Starting Point

You have probably heard about market segmentation a million times.

How a market should be divided according to age, demography, behavior or psychology to “attack” it better.


But, as on any trip, you must first establish your starting position by checking:

  • What you offer.
    • Whether it is a service, a manufactured product, a blog…


  • What is the average costumer that might be interested without developing any marketing strategy.
    • If it is a niche product, a mainstream product…
    • Demography, Behavior, Psychology, Geography factors, etc.

Again, it seems quite obvious, but what we mean by this is: don’t stick to a certain market segmentation before you have analyzed your product and its “natural environment”.
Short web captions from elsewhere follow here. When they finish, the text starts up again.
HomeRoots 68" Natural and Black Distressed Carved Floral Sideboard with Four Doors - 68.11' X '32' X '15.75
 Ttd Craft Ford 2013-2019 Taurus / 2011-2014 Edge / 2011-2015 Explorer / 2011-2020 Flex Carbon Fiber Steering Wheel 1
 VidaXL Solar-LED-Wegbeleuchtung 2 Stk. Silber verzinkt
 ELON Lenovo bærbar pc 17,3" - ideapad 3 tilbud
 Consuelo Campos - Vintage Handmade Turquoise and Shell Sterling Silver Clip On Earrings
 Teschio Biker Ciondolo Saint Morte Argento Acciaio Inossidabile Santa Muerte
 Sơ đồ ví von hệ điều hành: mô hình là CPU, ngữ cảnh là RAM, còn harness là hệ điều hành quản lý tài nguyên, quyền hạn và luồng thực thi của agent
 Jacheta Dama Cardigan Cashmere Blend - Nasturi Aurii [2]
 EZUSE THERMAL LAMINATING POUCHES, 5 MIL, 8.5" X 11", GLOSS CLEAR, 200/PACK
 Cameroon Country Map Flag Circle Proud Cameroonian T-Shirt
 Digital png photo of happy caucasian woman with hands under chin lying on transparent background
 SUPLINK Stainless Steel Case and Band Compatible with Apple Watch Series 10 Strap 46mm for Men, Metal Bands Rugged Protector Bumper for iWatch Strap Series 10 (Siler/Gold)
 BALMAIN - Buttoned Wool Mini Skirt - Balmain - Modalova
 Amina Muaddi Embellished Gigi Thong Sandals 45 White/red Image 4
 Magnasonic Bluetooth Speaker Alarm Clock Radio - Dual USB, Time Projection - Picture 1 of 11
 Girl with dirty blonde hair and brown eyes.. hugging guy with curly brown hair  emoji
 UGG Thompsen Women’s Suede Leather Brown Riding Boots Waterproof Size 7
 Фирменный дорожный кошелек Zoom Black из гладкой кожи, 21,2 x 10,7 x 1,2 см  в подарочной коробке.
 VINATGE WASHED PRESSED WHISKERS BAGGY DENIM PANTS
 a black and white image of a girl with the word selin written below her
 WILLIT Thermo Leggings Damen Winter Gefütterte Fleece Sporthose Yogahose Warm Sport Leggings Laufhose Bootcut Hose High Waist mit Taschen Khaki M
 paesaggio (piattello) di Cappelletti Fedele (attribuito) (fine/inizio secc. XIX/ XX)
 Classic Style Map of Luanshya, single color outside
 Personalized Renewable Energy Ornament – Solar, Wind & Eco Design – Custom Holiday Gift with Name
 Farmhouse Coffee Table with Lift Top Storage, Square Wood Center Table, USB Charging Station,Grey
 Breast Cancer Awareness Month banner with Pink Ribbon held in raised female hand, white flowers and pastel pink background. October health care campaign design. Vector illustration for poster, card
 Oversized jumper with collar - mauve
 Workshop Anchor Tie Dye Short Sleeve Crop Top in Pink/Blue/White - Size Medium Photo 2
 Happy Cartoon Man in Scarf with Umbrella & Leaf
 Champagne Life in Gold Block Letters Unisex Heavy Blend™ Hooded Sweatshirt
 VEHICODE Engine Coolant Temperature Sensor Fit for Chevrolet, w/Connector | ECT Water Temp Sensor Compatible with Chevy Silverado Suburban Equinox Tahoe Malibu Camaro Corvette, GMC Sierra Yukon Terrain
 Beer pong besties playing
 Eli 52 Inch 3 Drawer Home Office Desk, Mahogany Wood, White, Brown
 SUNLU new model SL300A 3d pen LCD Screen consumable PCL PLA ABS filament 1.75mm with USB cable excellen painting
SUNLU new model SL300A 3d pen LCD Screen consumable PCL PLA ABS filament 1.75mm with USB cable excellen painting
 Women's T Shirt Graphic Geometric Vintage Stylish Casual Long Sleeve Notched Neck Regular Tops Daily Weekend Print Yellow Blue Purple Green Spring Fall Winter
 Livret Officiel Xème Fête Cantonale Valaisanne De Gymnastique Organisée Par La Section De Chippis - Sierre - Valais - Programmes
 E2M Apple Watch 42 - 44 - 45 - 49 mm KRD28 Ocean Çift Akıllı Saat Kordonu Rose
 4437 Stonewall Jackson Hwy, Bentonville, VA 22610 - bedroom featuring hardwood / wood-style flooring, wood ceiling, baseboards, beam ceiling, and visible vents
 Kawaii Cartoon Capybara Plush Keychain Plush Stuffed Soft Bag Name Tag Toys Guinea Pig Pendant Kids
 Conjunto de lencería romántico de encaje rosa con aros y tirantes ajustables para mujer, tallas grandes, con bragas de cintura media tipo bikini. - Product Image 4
From that position, you’ll be able to start “attacking” other nearby market positions with the appropriate marketing strategies (we’ll explain them now).


* You’ll find an open Excel Template within the “Marketing Templates” section with the complete and detailed Coca-Cola Market Segmentation example we’re about to explain.

Niches in Market segmentation

Once you have found your Starting Point, you must identify the Market Niches that “touch” the “natural environment” of your product.

  • Then, you’ll be able to start building a proper market segmentation for your product.


To better understand why are we propose this procedure, we’ll explain the strategy used by Coca-Cola:

Coca-Cola Marketing Strategy

You surely know Diet Coke. But, do you know Tab?


In 1963, Coke launched this drink, thinking about the dietetic niche within the beverage sector:

  • People with diabetes or similar.


In the sixties people were not worried about the daily amount of sugar consumed and, therefore, this product had a reduced target niche.


But, years went by and people started to care about sugar consumption.

Women were the first to worry, because of their greater concern for health and also because of the greater social pressure to be fit, especially in those days.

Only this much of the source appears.